*** Exercise inputs ***
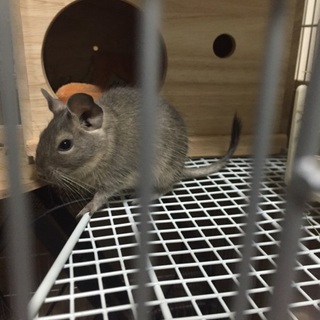 デグー 男の子 2015年11月生まれ 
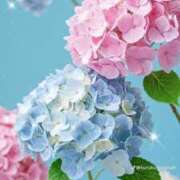 ヒメ日記 2025/05/17 08:17 投稿 なつ 人妻美人館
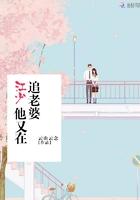 男主女主是江寒霆,刘琦,吴薇薇的小说是什么_江少他又在追老婆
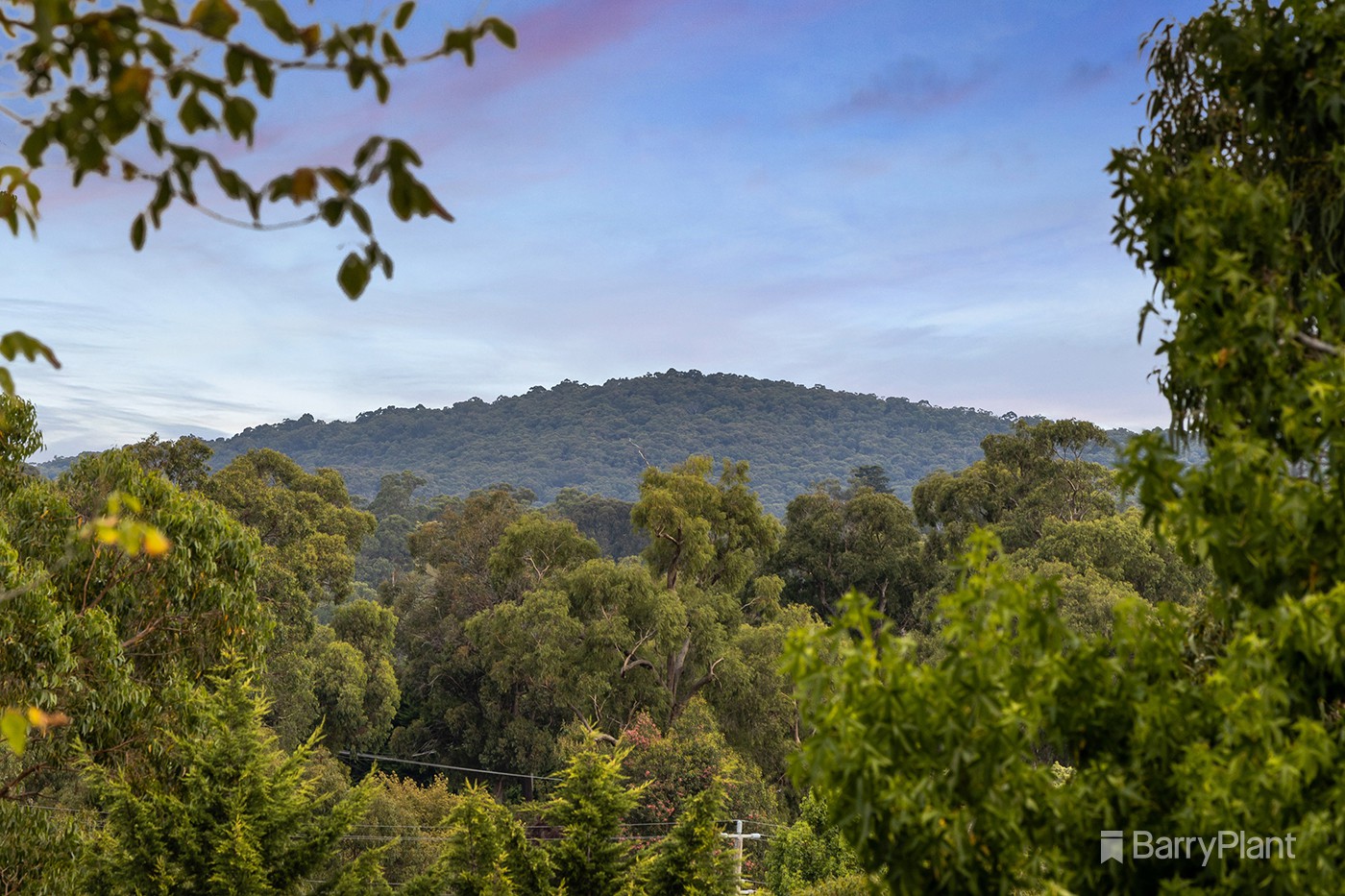 3 Rose Court, Lilydale, VIC 3140, Lilydale - Thumbnail 2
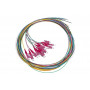 Set 12 Cavi Pigtail Fibra Ottica Colorati Connettori Lc Om4 Simplex 2 Mt (Lklc12Pt4)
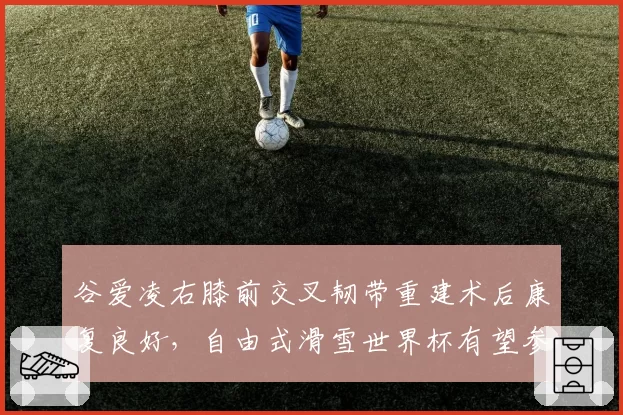 谷爱凌右膝前交叉韧带重建术后康复良好,自由式滑雪世界杯有望参赛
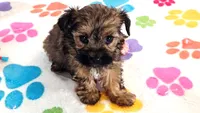 Jasmine, a female Yorkshire Terrier and Poodle - Toy  for sale in Tucson, AZ – 3 of 10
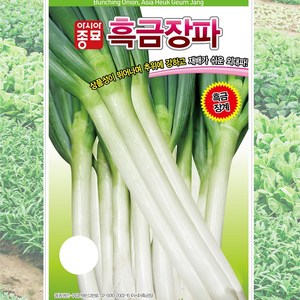 리크 LEEK (10g) 서양대파 리이크 씨앗, 1개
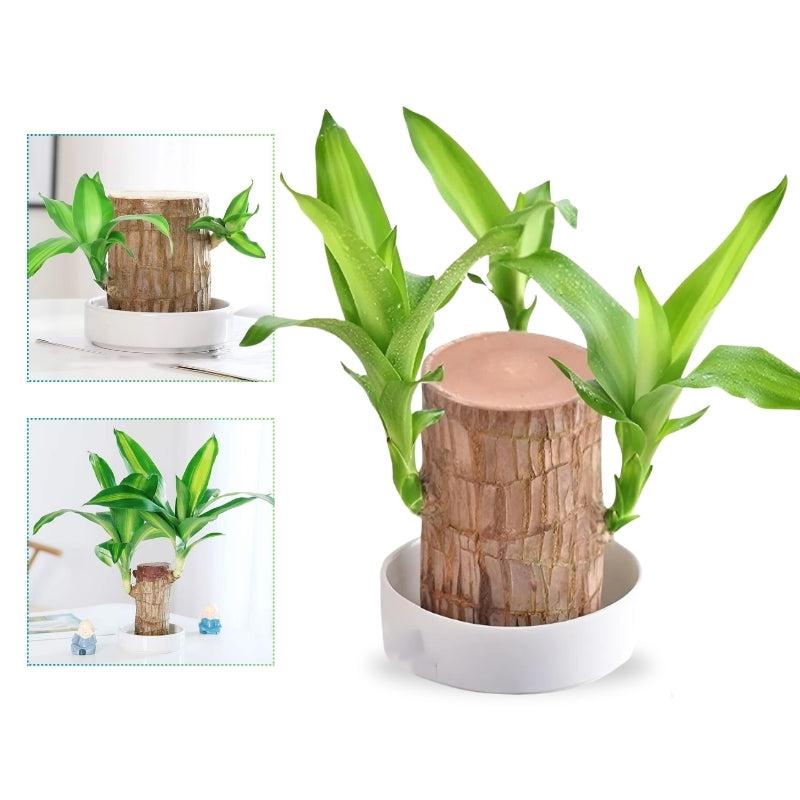 Lucky charm brazilwood pot plant - air-purifying & prosperity-promoting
*** End of Exercise inputs ***
Assignment. The result is an exact copy of the lines from the one holding "谷爱凌右膝前交叉韧带重建术后康复良好,自由式滑雪世界杯有望参赛" through the final line of the data above, both ends included, minus the pictures.

Answer section.
 谷爱凌右膝前交叉韧带重建术后康复良好,自由式滑雪世界杯有望参赛
 Jasmine, a female Yorkshire Terrier and Poodle - Toy  for sale in Tucson, AZ – 3 of 10
 리크 LEEK (10g) 서양대파 리이크 씨앗, 1개
 Lucky charm brazilwood pot plant - air-purifying & prosperity-promoting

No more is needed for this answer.